I finally caught a perch and let him pounce on and play with our dinner. The fish was almost as big as he was. That night, we slept cuddled up in my two-person tent, complete with litter box, food, and water. Although I was afraid I might roll over and crush my tiny 1.25-pound buddy, we had bonded instantly. By the second day, when the fishing was much better, he marched around the boat like a seasoned pro.

Harbor is constantly obsessed with the hole created by the missing cupholder in my boat. | JOE SHEAD

Since that first outing, I have brought Harbor on a lot of my adventures. He’s gotten his picture taken at Split Rock Lighthouse. He’s camped in the Apostle Islands. He was even on my back in his backpack when I shot a couple grouse this fall (which he loves to attack and then eat after Dad cooks them).

Rather than domesticating me, Tashina has realized that she now has two feral cats. Harbor is constantly at the door any time I go in or out of the house and regularly rushes outside, even though I’m ready for his sudden sprint. Harbor was with me one morning when I limited out on salmon this summer. (It was a spur-of-the-moment decision to bring him, and I didn’t bring his litter box—a decision I would later regret. But the fish were biting, and I had him in his backpack the moment nature called, so at least cleanup was easy.)

In fact, the only real disaster we had the whole first summer was the day a friend and I were fishing from my canoe. We got to shore at the end of our fishing and bottomed out in mud.
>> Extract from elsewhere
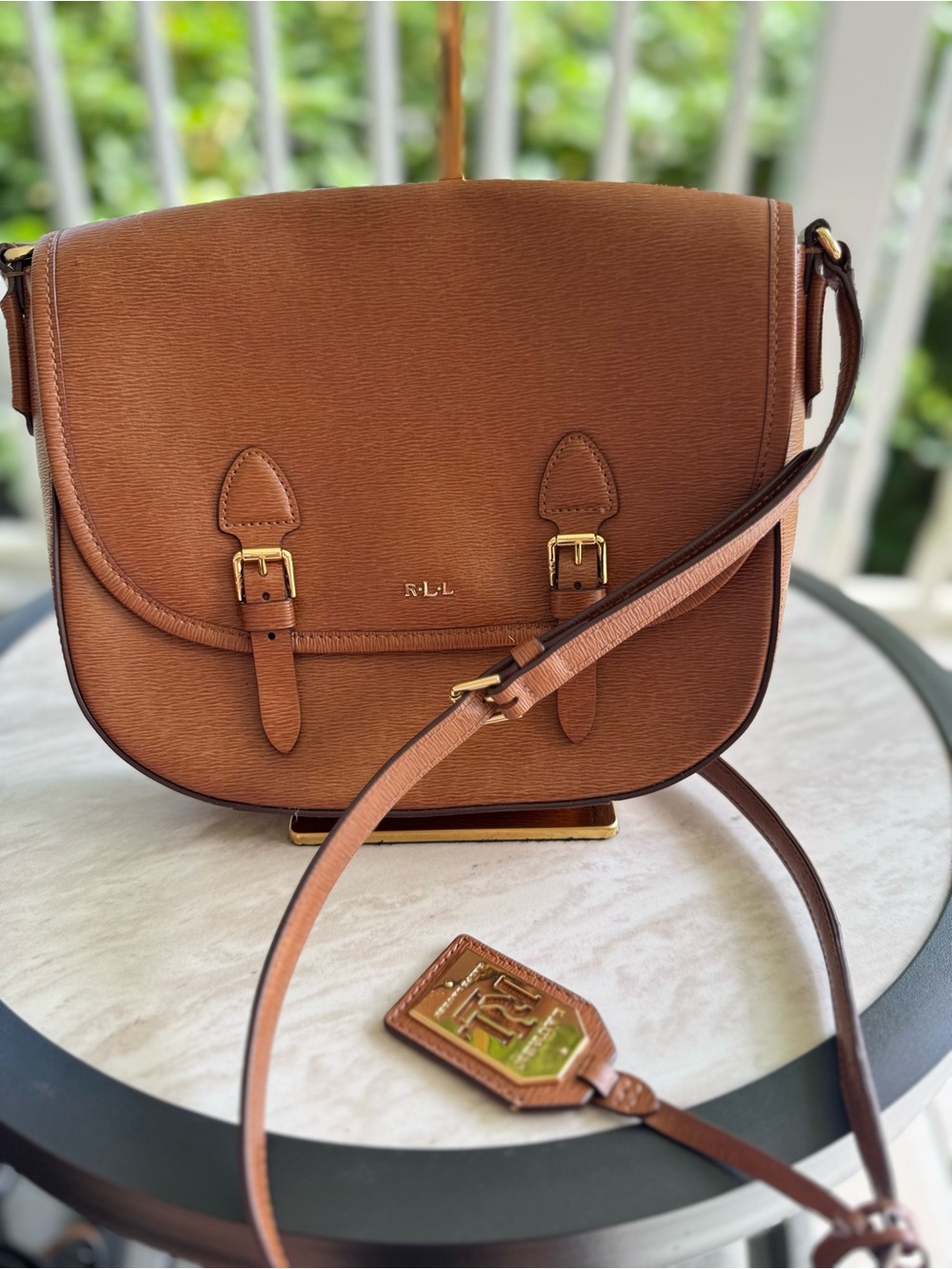 Lauren Ralph Lauren Brown Saddle-Style Crossbody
I needed to walk to the bow, jump out onto hard ground and pull us up farther. But Harbor saw “ground” and jumped out. The mud was so soupy he literally had to swim through it. The poor bedraggled kitten looked absolutely miserable, but Michael and I couldn’t stop laughing!

Other than that, he’s had a perfect track record, even though he likes to stand on the nose of the canoe and sometimes tries to look over the gunwale of my motorboat. Some people, upon realizing there’s a cat out in a canoe, have even asked to take his picture, which immediately goes to this little ham’s head.
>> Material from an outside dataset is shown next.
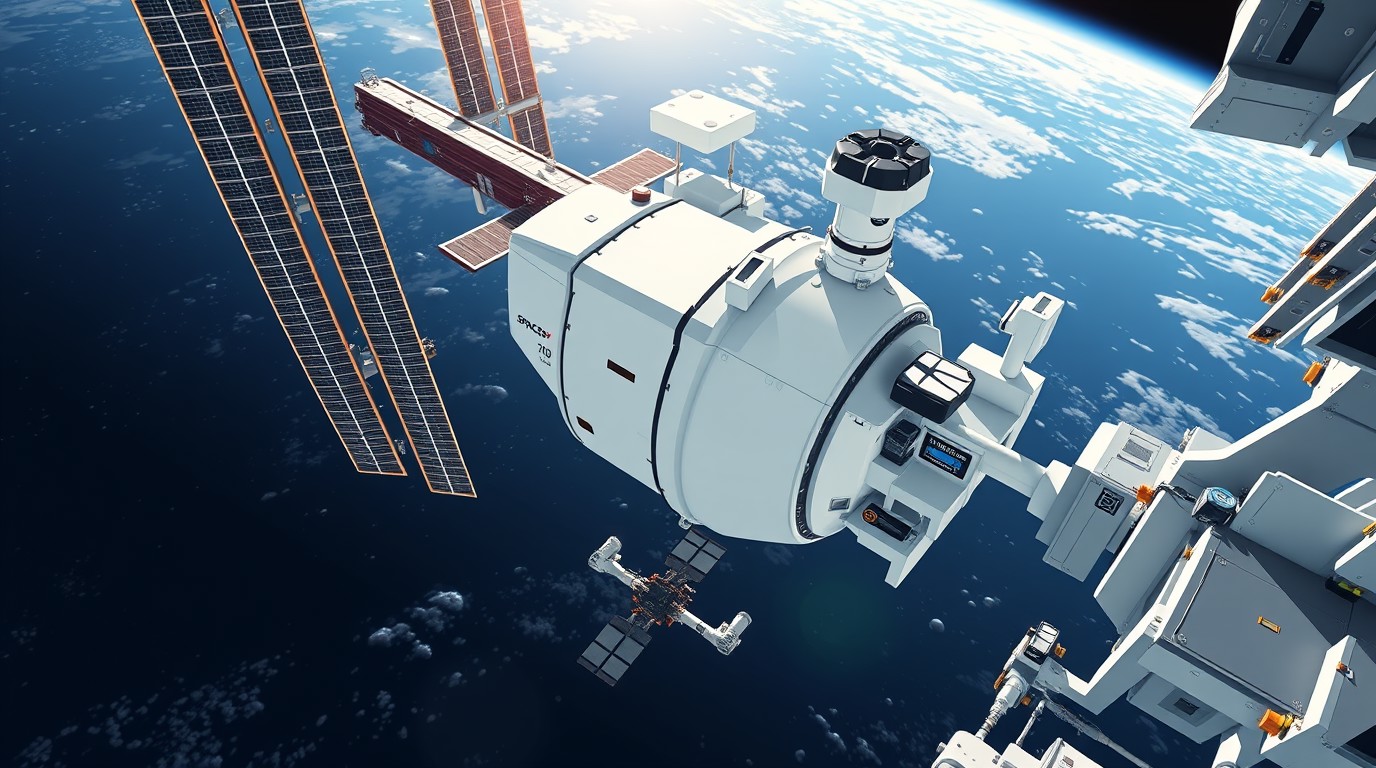 ภาพสร้างด้วย AI (ไม่ใช่ภาพถ่ายจริง) ประกอบข่าว ภารกิจ SpaceX CRS-35 ของ NASA ขนงานวิจัยสุขภาพมนุษย์และพืชขึ้นสถานีอวกาศ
Harbor with a bluegill on his first ice fishing trip. | JOE SHEAD

This winter I was impatiently waiting for the lakes to freeze so I could take Harbor ice fishing. On our first trip, we were in shallow water watching bluegills down the hole. Although I flopped a blanket on the ice for him, he spent most of his time standing on the ice. (He’s fiercely independent and if you want him to do something like stand on a blanket, you need to make him think it was his idea.) At one point, I was shooting a video of him chewing on my fishing line when a bluegill bit just three feet below. But I couldn’t set the hook because the fishing line was in Harbor’s mouth! A few days later, he cost Tashina a walleye when her rod bowed but he was sitting on her lap, in the way of her hookset.
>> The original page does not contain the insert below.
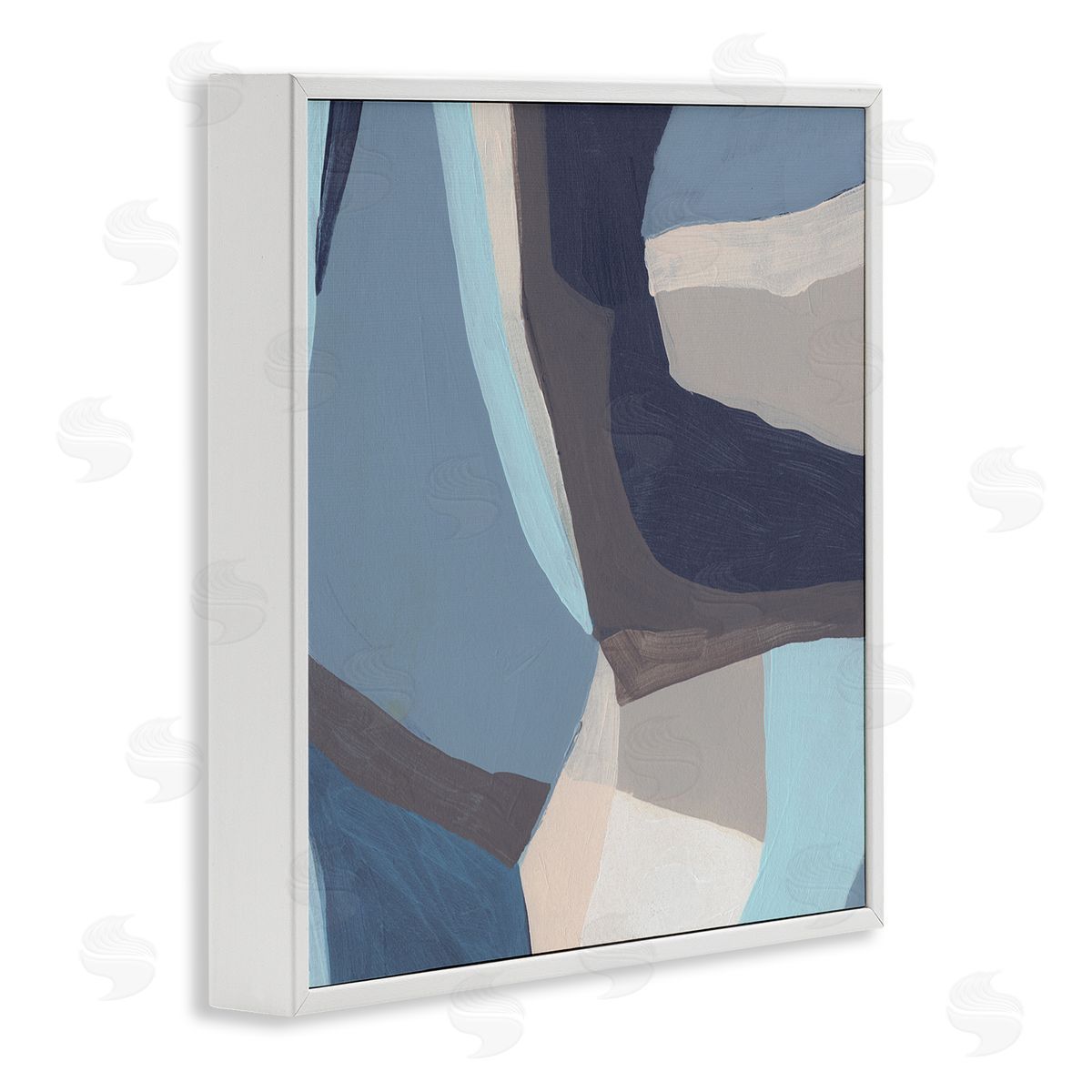 June Erica Vess Arrangement of Coastal Shapes Geometric Abstraction Blue Grey White Framed Glicee Wall Art Print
I have put together some YouTube videos on my channel (Joe Shead Outdoors) of Harbor fishing and the response has been nothing but positive. I was worried people might not condone taking a cat fishing, but on the contrary, some people are even vowing to take their own cats out on the ice.

Harbor and I have formed a very special bond. He’s not a lap cat—he’s an adventure buddy. What’s next for Harbor the Outdoor Cat? Well, we hope to do a lot of ice fishing together this winter (and eat a lot of fish). But I’m definitely thinking about taking him in the Boundary Waters when the weather warms.

When you’re adventuring up the North Shore, you might do a double take when you spot a tabby cat with a white-tipped walleye tail hanging out at the Brimson Farmer’s Market or watching pink salmon spawn in a stream. You’re in the presence of Harbor the Outdoor Cat. Don’t make a big deal out of it. All the attention goes to his head.